解説・豆知識
被相続人の住所が不明の場合 相続放棄の管轄
事案の概要
A市内に存在する不動産の所有者Ⅹが死亡した。
Ⅹの相続人は父Yである。
その後Yが死亡し、その相続人はめいにあたるZである。
今回、相続放棄をしたいと考えているのはZであり、被相続人は、Xから不動産を相続した(と考えられる)Yである。
ことの発端は、ある日、Zの自宅に、A市役所から「空家等立入調査等実施通知書」と題する書面が届いた。

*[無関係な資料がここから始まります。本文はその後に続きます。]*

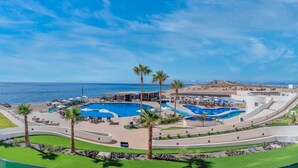 Un resort con varias piscinas, palmeras y vistas al océano.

Zはその書面に記載されている「登記簿上の所有者」:「Ⅹ」という名前にまったく心当たりがなかったが、戸籍等を取得していくうちに、上記の親族関係が明らかとなった。
ここで、相続放棄は、「相続が開始した地を管轄する家庭裁判所」に申述しなければなりません。

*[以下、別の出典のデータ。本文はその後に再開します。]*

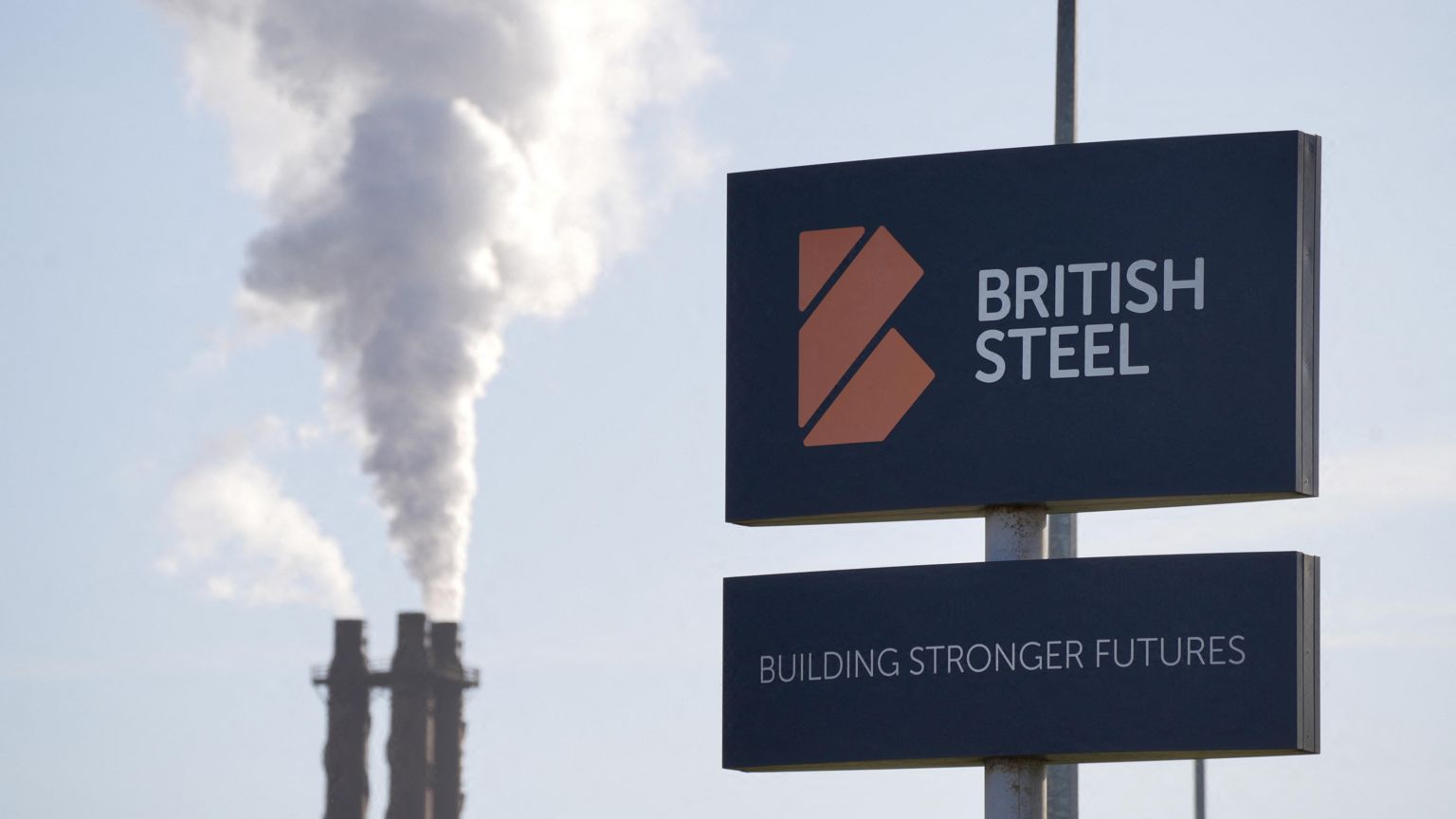 英国钢铁位于英格兰斯肯索普厂区入口的公司标志，背景是在冒烟的烟囱（31/3/2025）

管轄に関して定める家事事件手続法第3条の11、第4条を簡単にまとめると、以下のようになります。
● 被相続人の住所又は居所が日本国内にあるときはその住所地または居所を管轄する家庭裁判所
● 居所がない又は知れない場合には最後の住所地(ただし日本国内でなければならない)を管轄する家庭裁判所
しかし、Yの住所地を調査するも、死亡したのが10年以上前であり、戸籍の附票が廃棄されていたためYの住所に関する情報はまったく得ることができませんでした。(居所に関する情報も皆無)
そこで、家事事件手続法第7条を簡単にまとめると、
● 管轄が定まらないときは、
①審判又は調停を求める事項に係る財産の所在地
又は
②東京家庭裁判所
の管轄に属するとされています。
今回は、「相続放棄」であり、本来、「ある特定の財産」との関係を断つために審判を求めるものではありませんが、本件では、被相続人に属する財産の一部としてこの不動産が存在し、逆にこれ以外の財産の存否が不明なため、申述人の相続放棄における主目的は、この不動産に関する権利義務からの解放に尽きるとも言えます。
よって、「審判又は調停を求める事項に係る財産の所在地」を管轄する家庭裁判所に申述をし、無事、受理されました。